Clapham Christian Classical School

Clapham Journal

A Call for Focus in Learning: Part 1 – Traditional Views of Attention

“The teacher says my child isn’t paying attention well in school.” 

Such a thought has put fear into the heart of many a parent. We instinctively know that paying attention is what students are supposed to do in school. When we hear that they haven’t been paying attention, we’re simultaneously worried and perplexed about what exactly we can do to help our child develop in this crucial area.

Attention is a necessary skill tp succeed in school.

You would think that of the many things that modern educators and learning scientists could study, attention would be one of the most important.
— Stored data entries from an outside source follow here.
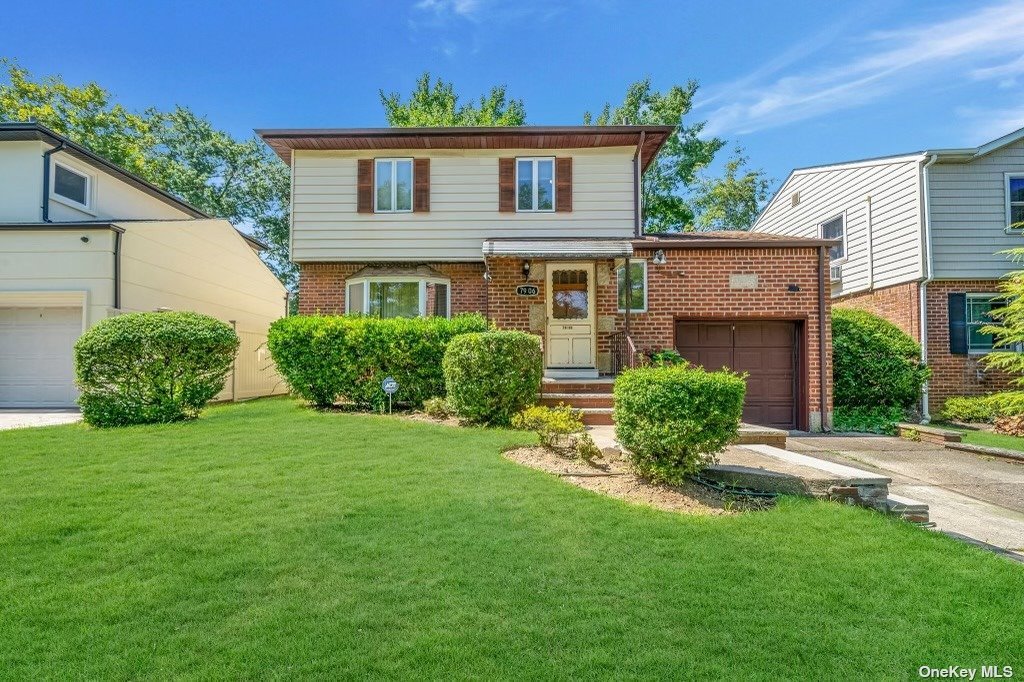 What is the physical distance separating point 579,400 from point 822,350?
577 cm

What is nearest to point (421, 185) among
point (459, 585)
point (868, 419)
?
point (459, 585)

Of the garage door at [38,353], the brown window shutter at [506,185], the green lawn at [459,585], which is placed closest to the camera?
the green lawn at [459,585]

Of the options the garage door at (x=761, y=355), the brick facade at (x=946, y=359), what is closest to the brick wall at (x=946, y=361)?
the brick facade at (x=946, y=359)

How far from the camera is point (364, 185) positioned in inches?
452

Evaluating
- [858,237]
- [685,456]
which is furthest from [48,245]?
[858,237]

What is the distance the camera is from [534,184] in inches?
455

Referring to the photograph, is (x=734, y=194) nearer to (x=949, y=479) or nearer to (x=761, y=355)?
(x=761, y=355)

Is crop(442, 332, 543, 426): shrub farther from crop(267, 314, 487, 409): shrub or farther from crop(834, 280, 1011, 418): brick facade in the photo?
crop(834, 280, 1011, 418): brick facade

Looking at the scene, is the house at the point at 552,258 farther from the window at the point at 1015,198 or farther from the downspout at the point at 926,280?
the window at the point at 1015,198

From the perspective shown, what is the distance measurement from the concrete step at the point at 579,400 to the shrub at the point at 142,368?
5947 mm

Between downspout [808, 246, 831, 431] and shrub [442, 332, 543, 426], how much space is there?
6818 millimetres

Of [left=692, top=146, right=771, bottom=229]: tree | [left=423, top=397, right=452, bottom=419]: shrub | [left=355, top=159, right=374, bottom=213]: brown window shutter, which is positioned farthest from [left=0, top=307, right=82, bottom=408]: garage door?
[left=692, top=146, right=771, bottom=229]: tree

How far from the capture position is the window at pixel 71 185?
1256cm

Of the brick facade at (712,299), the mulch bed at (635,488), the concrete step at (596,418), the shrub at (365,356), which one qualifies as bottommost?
the mulch bed at (635,488) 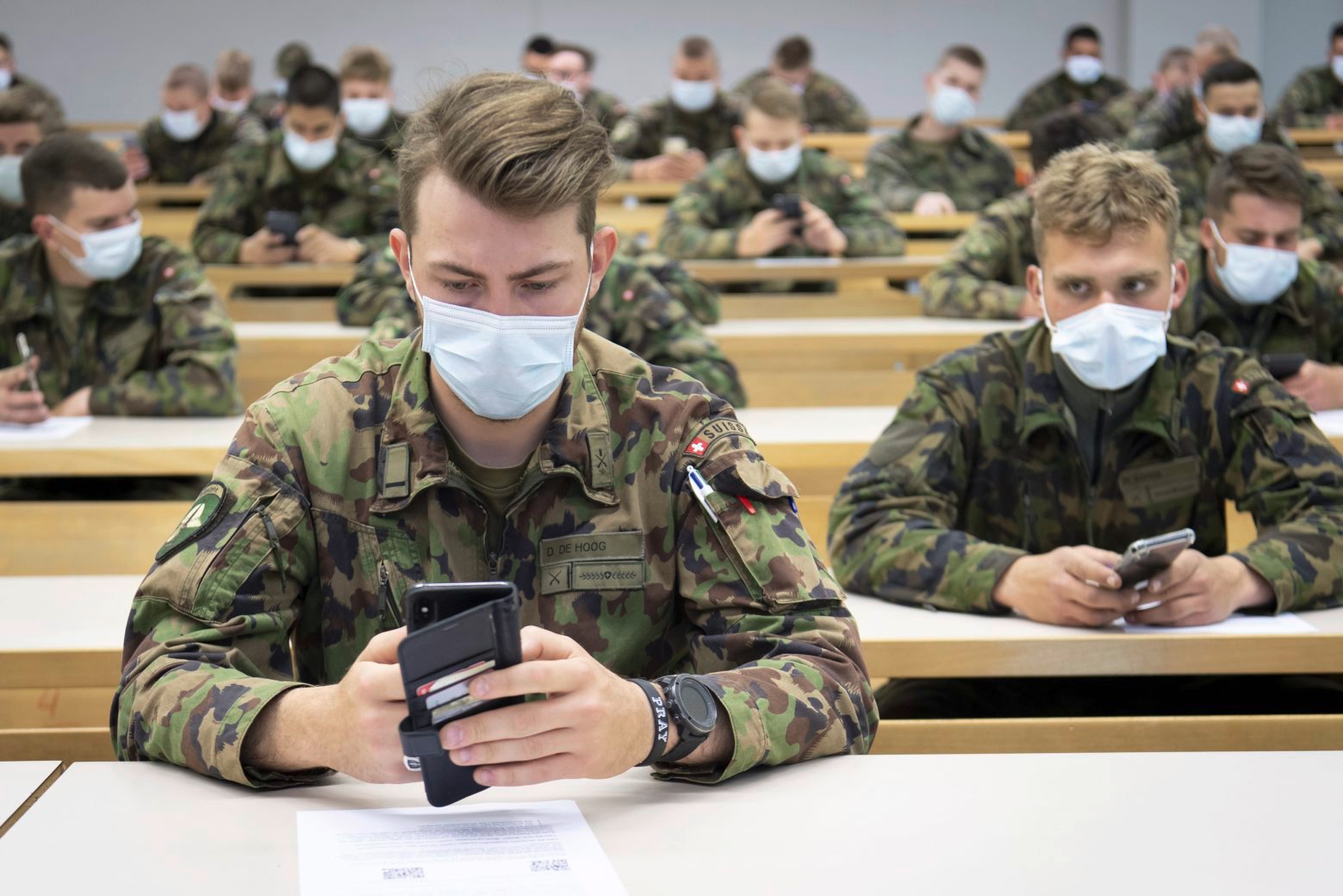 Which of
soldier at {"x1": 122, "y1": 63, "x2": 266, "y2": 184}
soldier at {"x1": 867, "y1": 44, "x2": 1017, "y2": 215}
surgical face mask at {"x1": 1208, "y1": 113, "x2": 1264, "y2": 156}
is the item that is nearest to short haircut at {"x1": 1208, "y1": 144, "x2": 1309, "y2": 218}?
surgical face mask at {"x1": 1208, "y1": 113, "x2": 1264, "y2": 156}

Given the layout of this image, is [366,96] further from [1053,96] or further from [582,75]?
[1053,96]

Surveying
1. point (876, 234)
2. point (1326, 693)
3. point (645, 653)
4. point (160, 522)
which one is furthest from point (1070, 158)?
point (876, 234)

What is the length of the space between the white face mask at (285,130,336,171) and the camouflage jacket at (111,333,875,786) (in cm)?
434

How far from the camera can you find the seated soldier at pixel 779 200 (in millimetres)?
5488

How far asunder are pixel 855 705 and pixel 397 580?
0.49 m

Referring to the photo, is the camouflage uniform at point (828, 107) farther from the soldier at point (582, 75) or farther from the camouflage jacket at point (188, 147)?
the camouflage jacket at point (188, 147)

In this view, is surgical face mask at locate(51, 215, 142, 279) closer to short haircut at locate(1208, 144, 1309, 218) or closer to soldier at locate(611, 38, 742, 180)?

But it seems as if the faculty of attention has gotten short shrift. In an interview on the Learning Scientists website, Michael Hobbiss, a British researcher on attention, distraction, and cognitive control in adolescents, described how little focus there is among educators on the science of attention (pun intended). There’s a lot of conversation about how to grab students’ attention, but not so much on how attention actually works.

 

Of course, the research on the importance of attention for learning is unequivocal. The ability to focus directly correlates with accomplishment in virtually any domain of learning or life. As bestselling author Daniel Goleman puts it in his book Focus: The Hidden Driver of Excellence,

The science of attention… tells us these skills determine how well we perform any task. If they are stunted, we do poorly; if muscular, we can excel. Our very nimbleness in life depends on this subtle faculty. While the link between attention and excellence remains hidden most of the time, it ripples through almost everything we seek to accomplish. (2-3)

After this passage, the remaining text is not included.